Людмила Бояджиева - Не плачь, Джульетта! [Феллини]
Доктор сестре: — Приносите телефон. (Феллини) Только, пожалуйста, не долго, маэстро.
Феллини, (В трубку): — Роццоли? Спасибо, дружище, потрясающие цветы — нечто в стиле Ботичелли. А твоя записка поможет мне лучше всяких антибиотиков… Роццоли! Эй, где ты? (дует в трубку) Тишина…?
Затем в трубке раздается официальный голос: «- Синьор Феллини, комендаторе плачет!» Потом сморкание и голос Роццоли: — Я даже слезу пустил, до того ты растрогал меня своими словами…. Надеюсь… Надеюсь, от этой болезни мозги у тебя прочистятся и ты перестанешь делать такие фильмы, как прежде. Теперь ты должен слушаться меня и снимать, что скажу я.
Феллини, (в сторону) — Держи карман шире, старая лисица. (в трубку) Я сделаю фильм про великого человека — про тебя, дружище…
Доктор: — Ну, я оставлю вас, дорогой мой. Пора, пора отдохнуть от столь бурных впечатлений. (уходит, унося телефон)
Феллини: — И пусть уберут подальше эти розы. Развонялись, как в парфюмерной лавке.
Ночь. Феллини один. Работают аппараты. Журналист у его палаты. В темноте проплывают светящиеся головы. Вокруг Журналиста — вазы с цветами, корзина роз.

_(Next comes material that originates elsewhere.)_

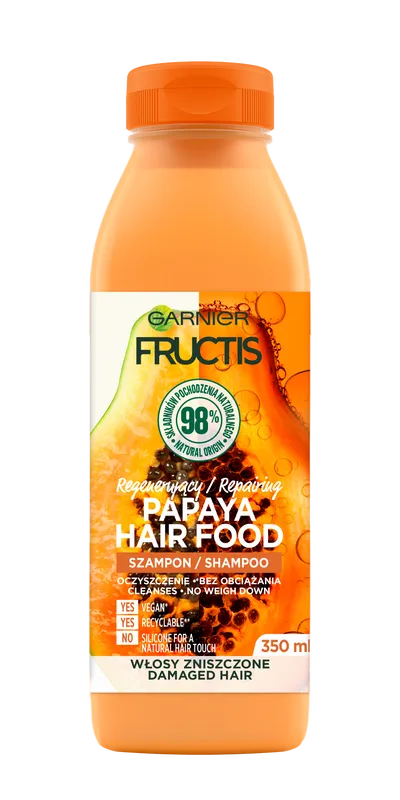 Garnier Fructis, Papaya Hair Food, Regenerujący szampon do włosów zniszczonych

Журналист (в халате сиделки): — По ночам коридор полон цветов, вынесенных из палаты — цветы, цветы. Как на кладбище. Горят только ночники. В полутьме иногда видишь плывущую по воздуху светящуюся голову как в каком–нибудь старом детективном фильме. Это монахини или санитарки, направив свет своих электрических фонариков кверху, проверяют градусники. Вот таким манером. (показывает, освещая свое лицо фонариком. Заходит в палату Феллини, берет градусник, садится в ногах кровати).
Феллини (окончательно просыпается, зажигает свет, пытается столкнуть его, но бессильно падает на подушки): — Дождался–таки, что у меня нет сил намять тебе бока, патака.
Журналист: — Патака — романьольское ругательство. Но я не обидчив. Тем более — в победном расположении духа. Я давно гонялся за вами. Давно хотел поболтать по душам, маэстро.
Феллини: — Выжидал, когда льва ранят и напал, как гиена. Проник сюда под видом медицинского работника… Патака! Вонючий патака.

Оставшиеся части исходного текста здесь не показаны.